ABOUT THIS EXERCISE: Copy out the lines beginning at the one with "Coffee Demon Square Sticker" and ending at the last line of the data, both included; pictures stay out.

PROVIDED MATERIAL:
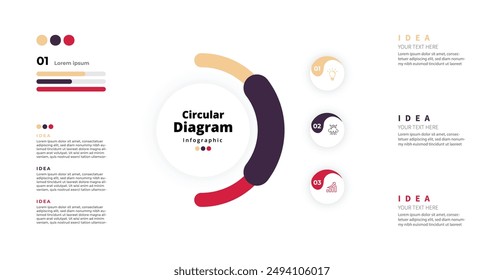 Modern minimalist elegant clean circular steps editable infographic design template vector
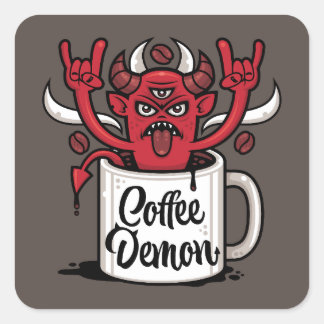 Coffee Demon Square Sticker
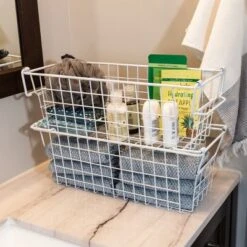 Set Of 2 Storage Bins - Basket Set For Toy, Kitchen, Bathroom, And Closet Storage - Small Shelf Organizers With Handles By Home-Complete (White) 15 Set Of 2 Storage Bins - Basket Set For Toy, Kitchen, Bathroom, And Closet Storage - Small Shelf Organizers With Handles By Home-Complete (White) -IRIS Storage Deals Store GUEST eedcd2c7 5871 4456 bcb6 7c23509fd698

EXERCISE RESPONSE:
 Coffee Demon Square Sticker
 Set Of 2 Storage Bins - Basket Set For Toy, Kitchen, Bathroom, And Closet Storage - Small Shelf Organizers With Handles By Home-Complete (White) 15 Set Of 2 Storage Bins - Basket Set For Toy, Kitchen, Bathroom, And Closet Storage - Small Shelf Organizers With Handles By Home-Complete (White) -IRIS Storage Deals Store GUEST eedcd2c7 5871 4456 bcb6 7c23509fd698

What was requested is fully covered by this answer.